Extracted entries –
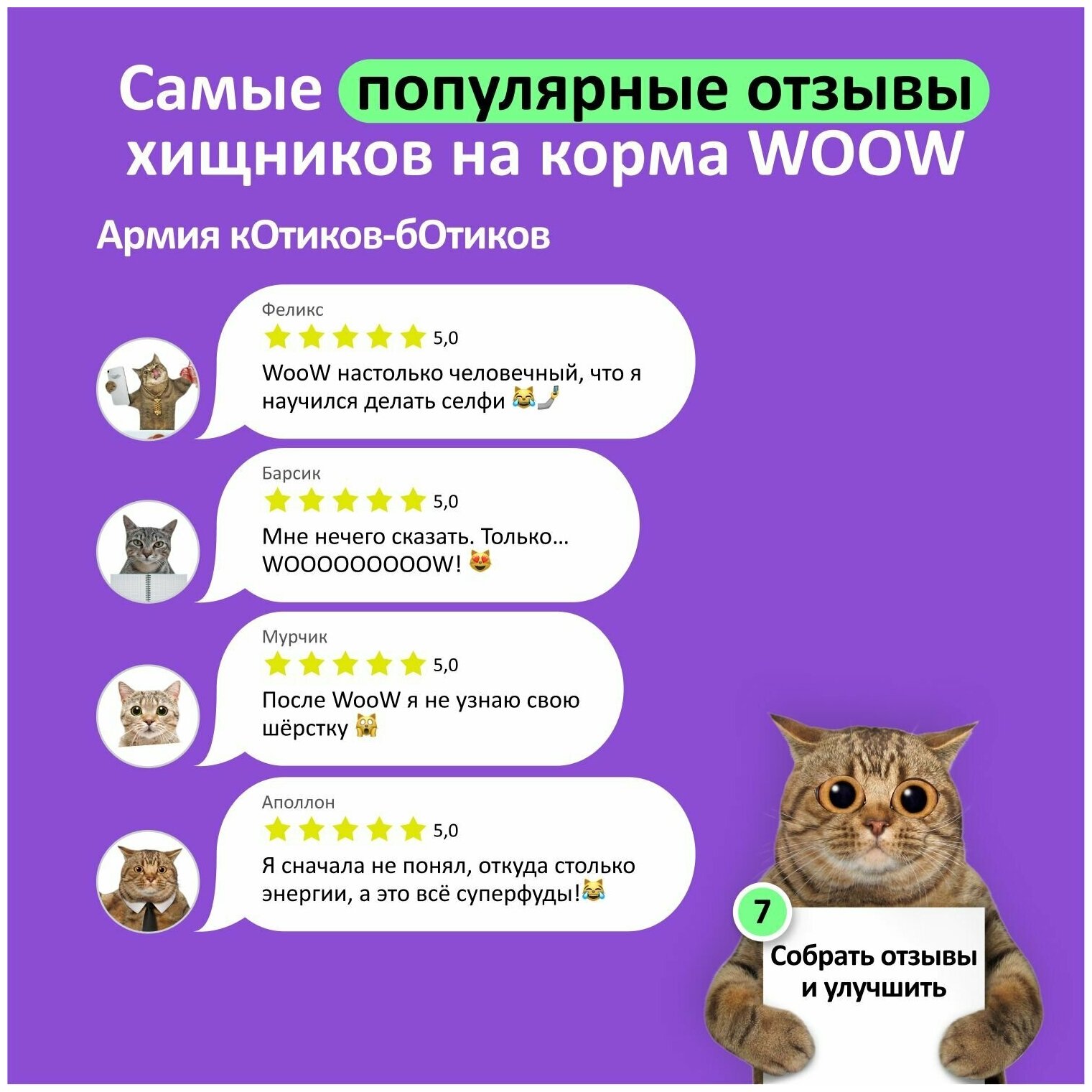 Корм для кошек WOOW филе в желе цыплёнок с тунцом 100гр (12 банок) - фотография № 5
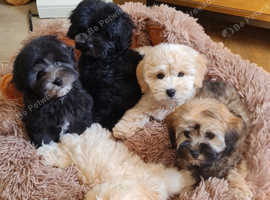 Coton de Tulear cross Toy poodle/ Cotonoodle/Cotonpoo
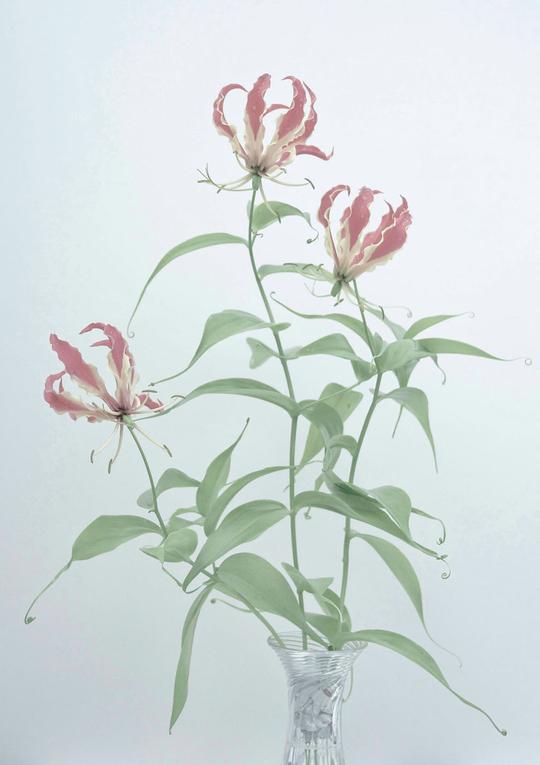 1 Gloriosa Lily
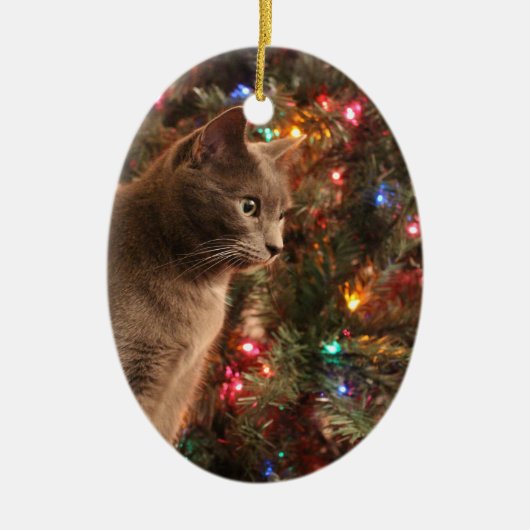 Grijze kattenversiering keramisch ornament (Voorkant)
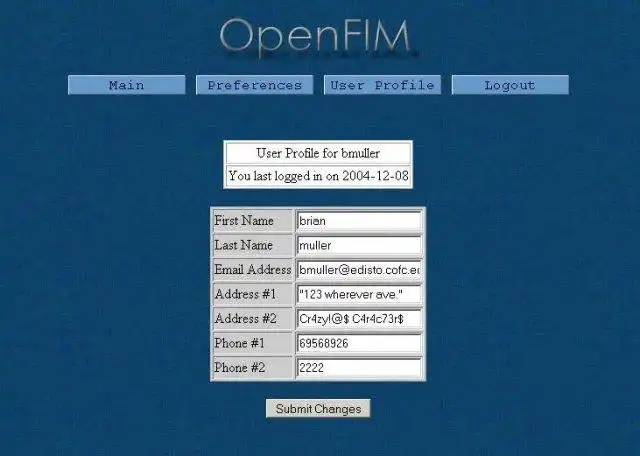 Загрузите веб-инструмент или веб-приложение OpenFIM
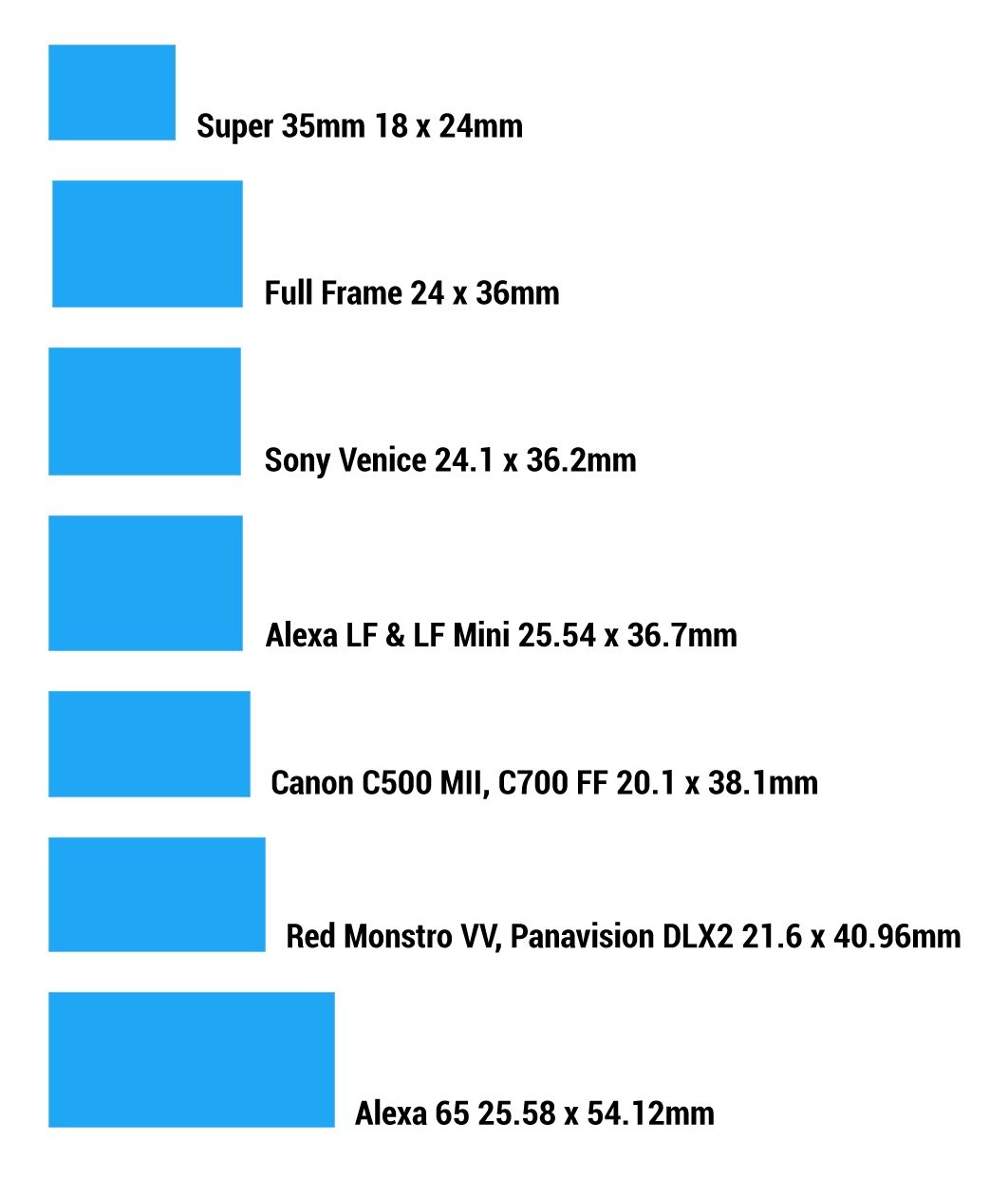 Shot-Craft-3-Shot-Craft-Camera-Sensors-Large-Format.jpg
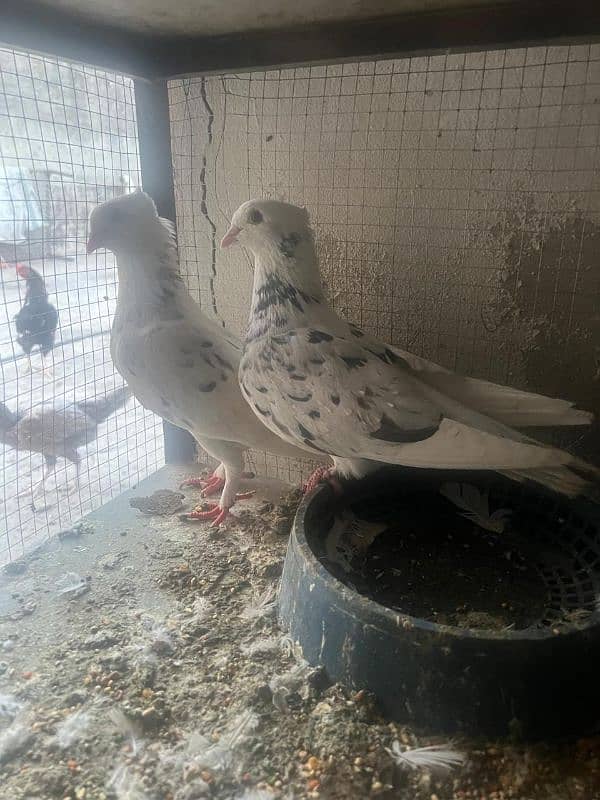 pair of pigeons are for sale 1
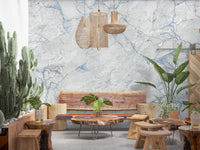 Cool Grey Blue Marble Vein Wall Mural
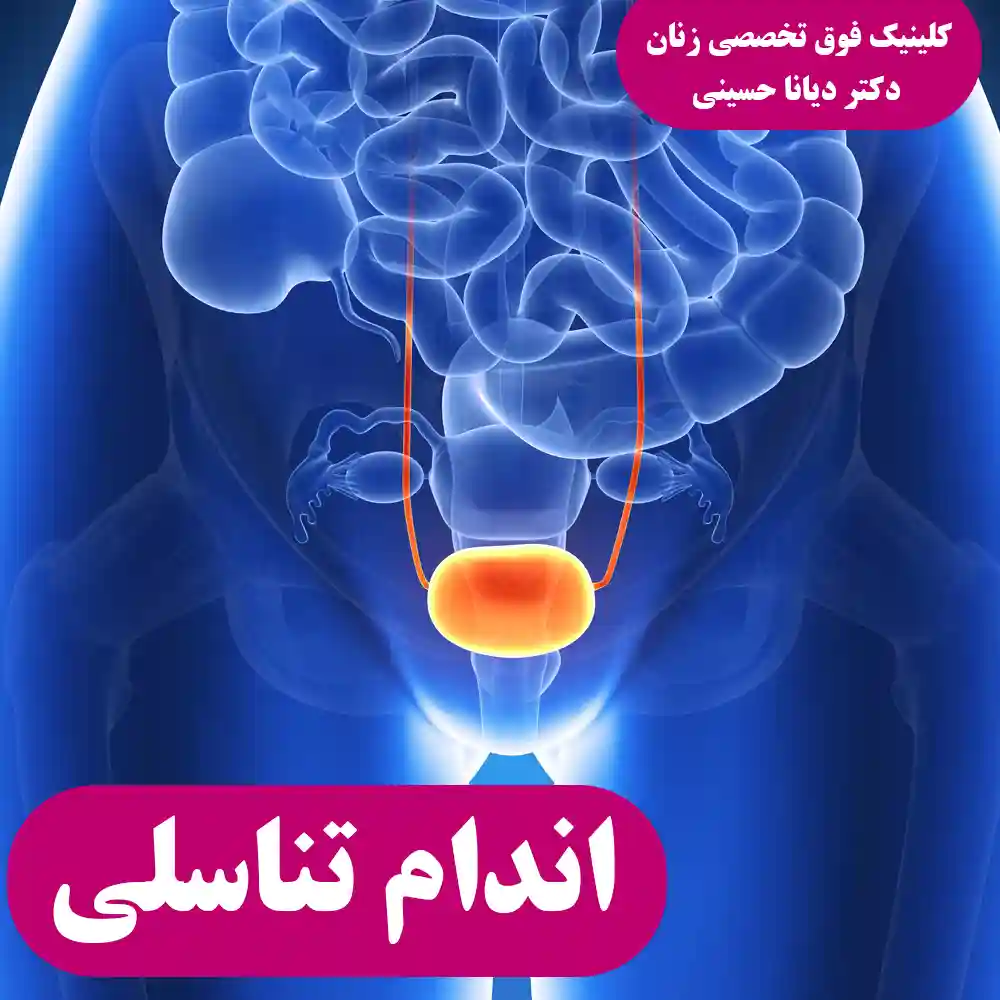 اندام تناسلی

What the task asks –
Pictures are not part of the copy; reproduce exactly and only the lines from the line containing "1 Gloriosa Lily" through the end of the listing.

Response below –
 1 Gloriosa Lily
 Grijze kattenversiering keramisch ornament (Voorkant)
 Загрузите веб-инструмент или веб-приложение OpenFIM
 Shot-Craft-3-Shot-Craft-Camera-Sensors-Large-Format.jpg
 pair of pigeons are for sale 1
 Cool Grey Blue Marble Vein Wall Mural
 اندام تناسلی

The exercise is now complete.